Not all is lost for opposition politicians who fail to get elected during a general election.


They may have lost the right to represent the constituencies they contested but there is a consolation prize for the best performing losers — a Non-constituency MP seat (NCMP).


This means that the most popular opposition members with the highest number of votes can still snag a seat in Parliament. They are allowed to engage in debate and enjoy the same voting rights as elected MPs.


The NCMP system guarantees a minimum of 12 opposition members in Parliament with effect from this coming election. If the opposition wins fewer than 12 seats, the highest polling losers from opposition parties will be elected as NCMPs to make up the remaining seats.


Sounds like a pretty good deal for those who don’t have the people’s mandate, doesn’t it? Well, the Opposition disagrees.


Mr Low Thia Khiang of the Workers’ Party compared NCMPs to “just duckweed on the water of the pond” to illustrate his view that they lack both political muscle and grassroots grounding.
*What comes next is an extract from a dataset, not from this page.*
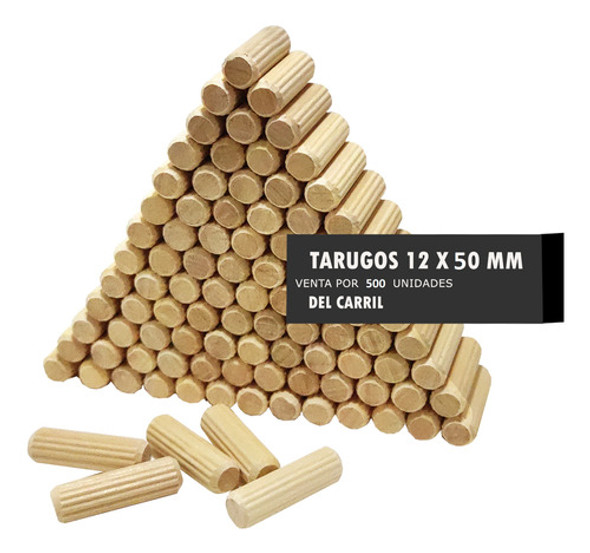 Tarugo De Madera Estriado 12 Mm X 50 Mm X 500 Unidades 1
Mr Lim Tean, the founder of People’s Voice, criticized the scheme for being a ploy to discourage voters from voting in opposition MPs because there is already a guarantee of opposition representation in Parliament.


Despite this, NCMP seats have never gone empty. Even when opposition members who qualify to become NCMPs reject their seats, such as Ms Lee Li Lian of the Workers’ Party in 2015 when she lost Punggol East SMC to PAP’s Charles Chong, it was taken up by WP’s Daniel Goh who was the next best candidate.